The northern lights are one of the great unicorns of the photography world. Researching how to find them can sound as complicated as entropy. Luckily, this video breaks down everything you need to know about analyzing the science behind hunting the auroras.
Having been that photographer that has run off to a dark spot in the middle of nowhere because the weatherman told me to was a total life regret. I had Aurora FOMO, it’s a thing. Wasting my time and resources made me feel no less than a moron. Thinking to myself, why did I listen to a guy who gets paid to be wrong? Simply, I should have done my homework to understand this beautiful beast. In all actuality, there is quite of bit of data that goes into predicting the auroras both in the Northern (aurora borealis) and Southern (aurora australis) hemispheres.

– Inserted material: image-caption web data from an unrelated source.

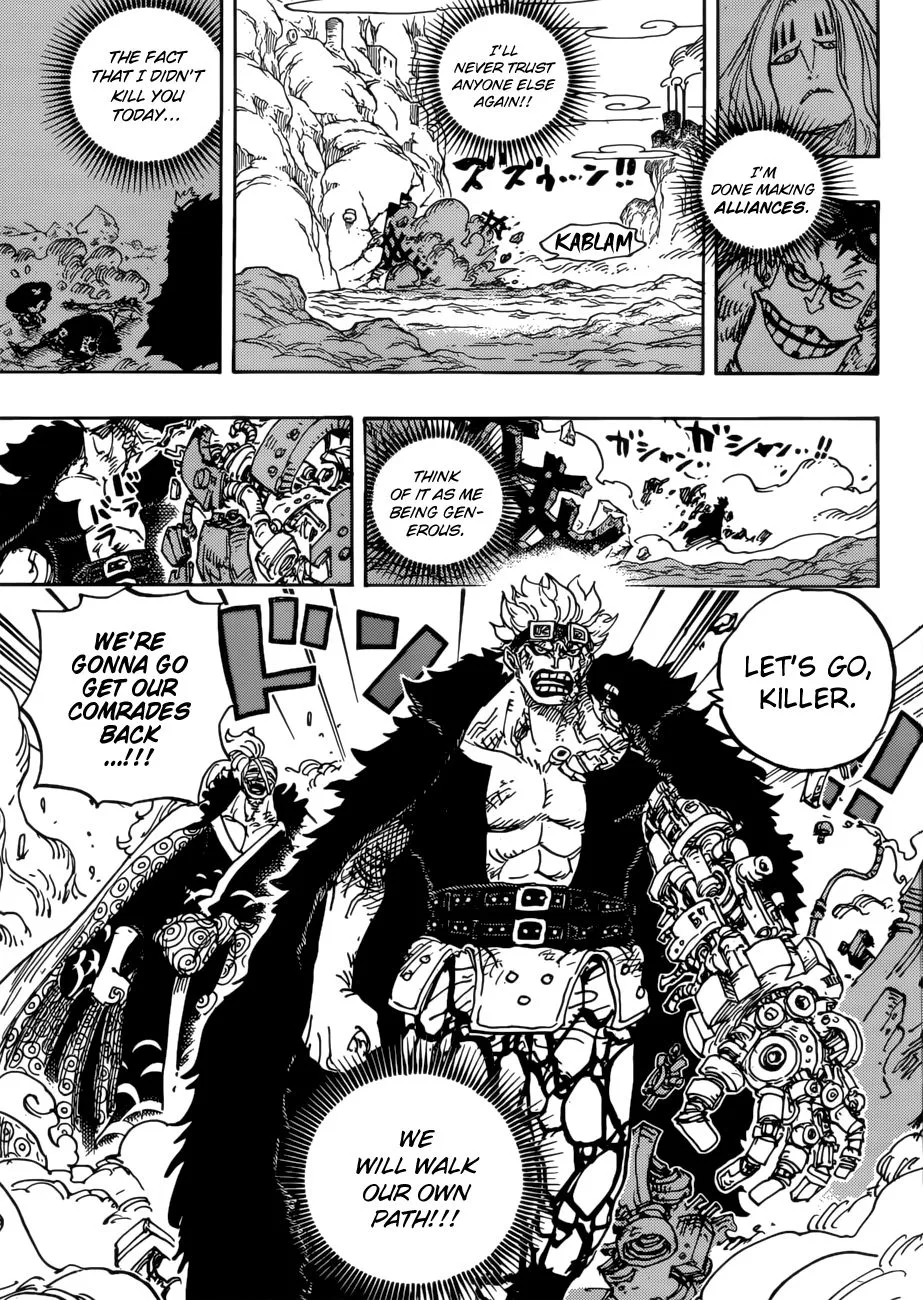 One Piece Chapter 950 page 5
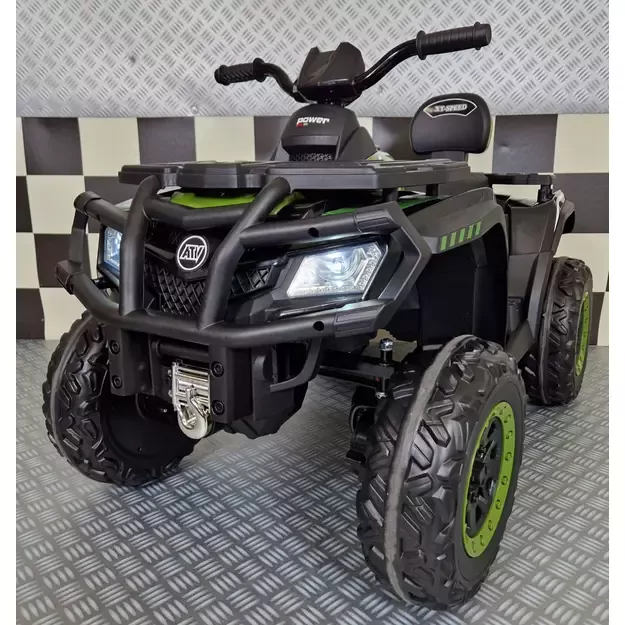 Elektrinis keturratis vaikams 4x4 320W 24 V, žalias 1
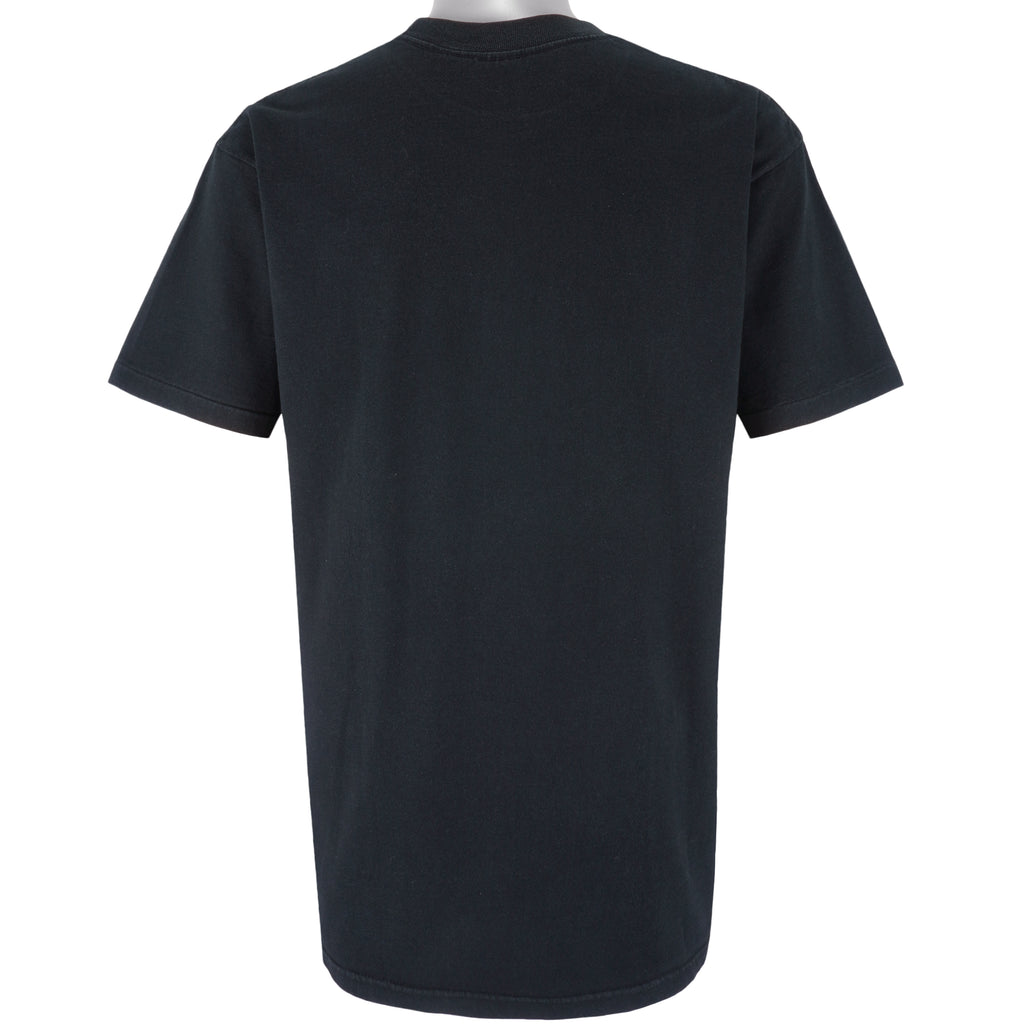 Vintage (Anvil) - Black Bear Crew Neck T-Shirt 1990s X-Large Vintage Retro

Regretfully returning home the next morning, I started consulting with the internet and with others. Soon I learned a basic trick of the trade to predict one of nature’s sexiest phenomena. Since then I have had the luxury of seeing them upwards of ten plus times in my life. Believe it or not, you do not have to go to take an expensive vacation to Iceland, Finland, or Norway to see them. Residing in the United States, Northern Minnesota has one of the few dark sky sanctuaries in the country and is one of few in the world. Being only a three-hour drive from Minneapolis provides ample opportunity to see them.
With such ample opportunity, I have gotten picky about the times to set out and photograph the lights. Which why I have searched for an in-depth guide to learn how to predict them better and Mads Peter Iversen has the best guide on the internet. His ultimate guide goes into the best amount of detail without too much detail. The auroras are complicated and if you follow Mads Peter Iversen's suggestions you will likely be able to experience them and omit the moronic dark field wasted night from your life story.